Reflections on Defeat of the Bailout Amendment

Here is what I just posted in response to an election law listserv post by David Becker, noting with amusement the fact that Rep. Westmoreland repeatedly referred to me, a “liberal law professor,” during the debate over bailout:
I of course was not amused, though I can’t say it was unexpected that Westmoreland would rely upon me and others who have voiced concern. (My only consolation is that he butchered the pronunciation of Sam Issacharoff’s name even worse than he did mine.) As a matter of politics, I have virtually nothing in common with Rep. Westmoreland, and to me it is a shame that it took someone like him—and likely for the wrong reasons—to sponsor an amendment that I think would have strengthened the Act and that I think would have been supported by more proponents of the Act if doing so would not have unraveled “the deal.”

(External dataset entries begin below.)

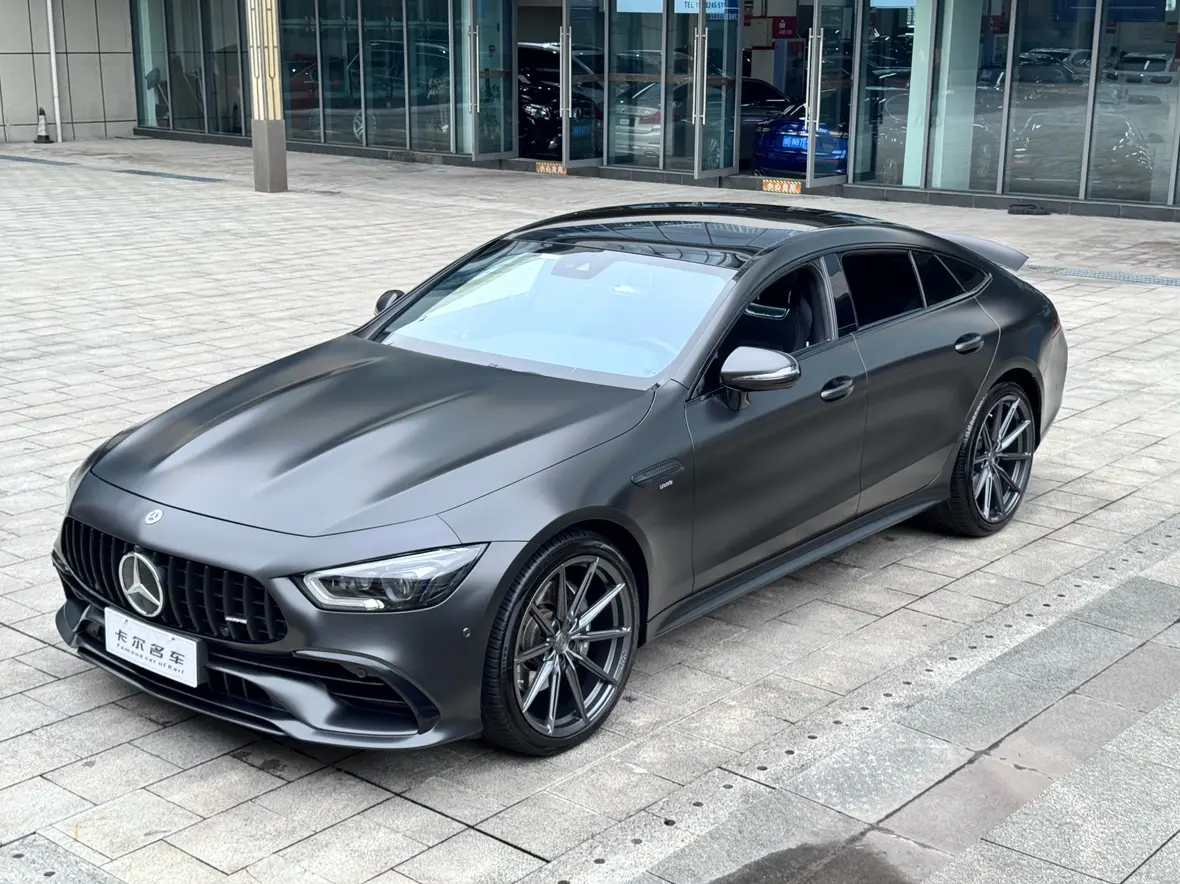 Mercedes-Benz AMG GT  из Китая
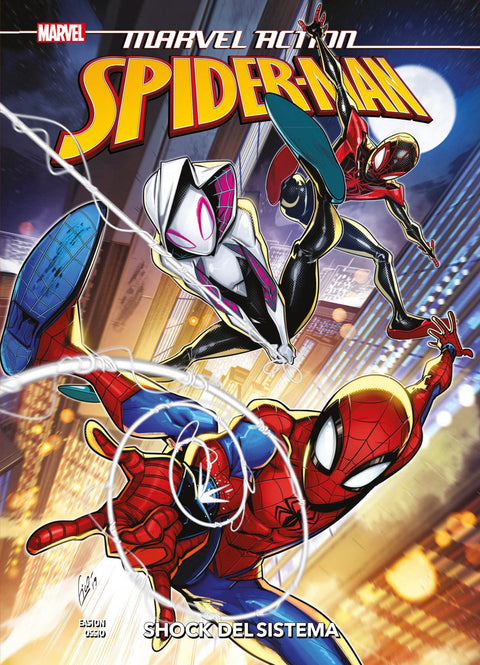  Reedición marvel action spiderman 5. shock del sistema 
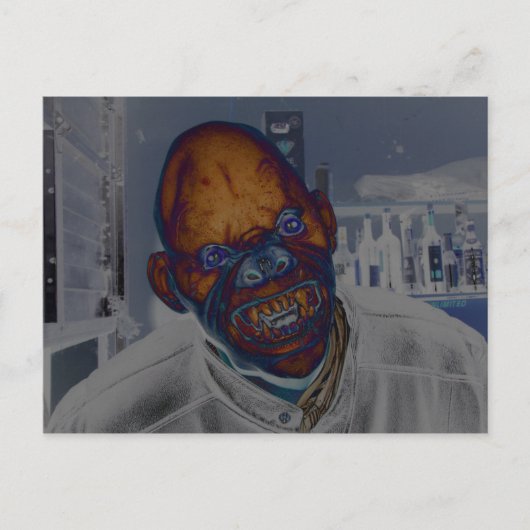 Briefkaart van vuilpatrouille (Voorkant)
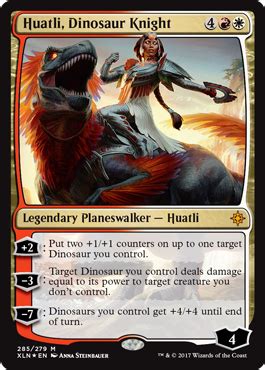 Each planeswalker has loyalty abilities that are activated by adding or removing loyalty. Ixalan Promos, Planeswalker Decks, Packaging, and FNM ...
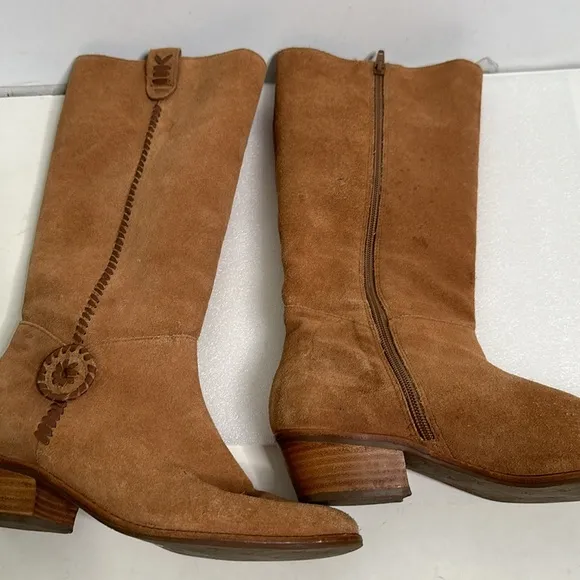 Jack Ragers sawyer brown suede boots size 8
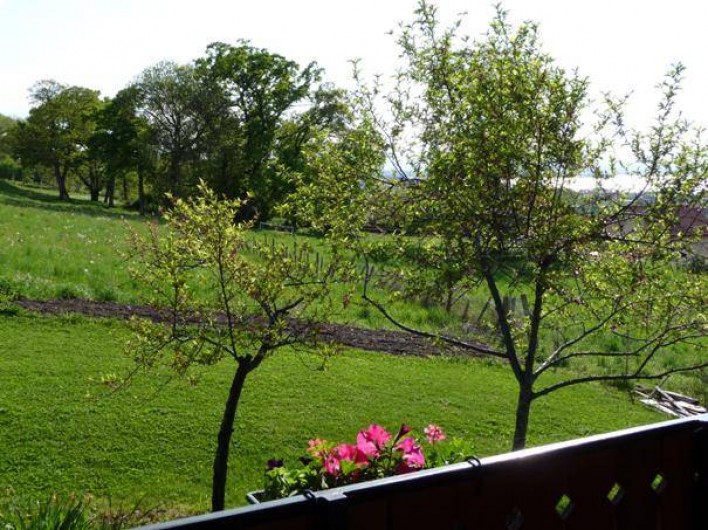 Location de vacances - Chalet à Marin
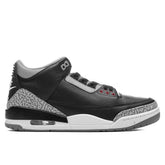 3 Retro 'Black Cement' - Black/Fire Red/Cement Grey/Summit White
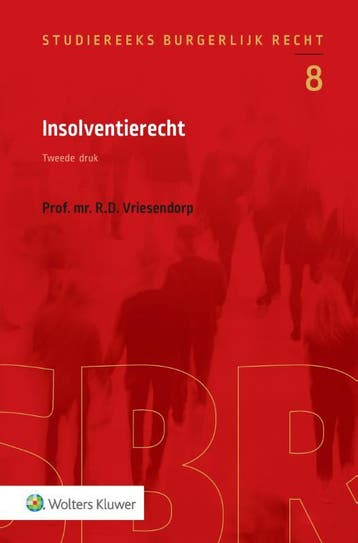 Insolventierecht / Studiereeks burgerlijk recht / 8, Verzenden, Zo goed als nieuw, R.D. Vriesendorp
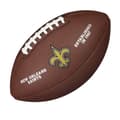 Miniatyrbild 1 av 2: Amerikansk fotboll - WILSON - New Orleans Saints - Komposit PU - Officiell logotyp - För 14 år och äldre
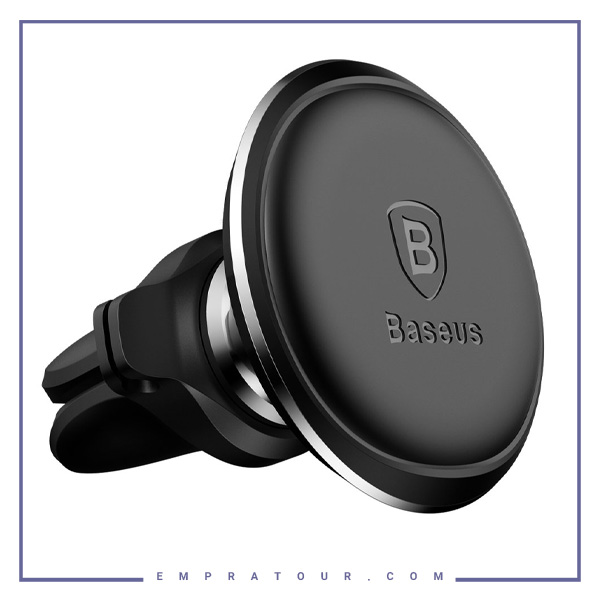 پایه نگهدارنده آهنربایی بیسوس Baseus Magnetic Air Vent Car Holder SUGX-A01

The debate, as expected, was also not serious, with Chairman Sensenbrenner stating that the provision would violate the “separation of powers.” (Of course it would not have, even if DOJ was given final authority for determining bailout; but a three-judge court, and not DOJ, would have made the ultimate determination of bail out eligibility under the amendment).
I will now just worry that Justice Kennedy, the likely swing voter when VRA reauthorization ends up back before the Supreme Court, will look at the defeat of the bailout amendment as evidence that Congress has not taken seriously its admonition in the new federalism cases and his voicing of concern over the use of raced based remedies in a series of cases culminating with LULAC.
I very much hope to be proven wrong about the Supreme Court.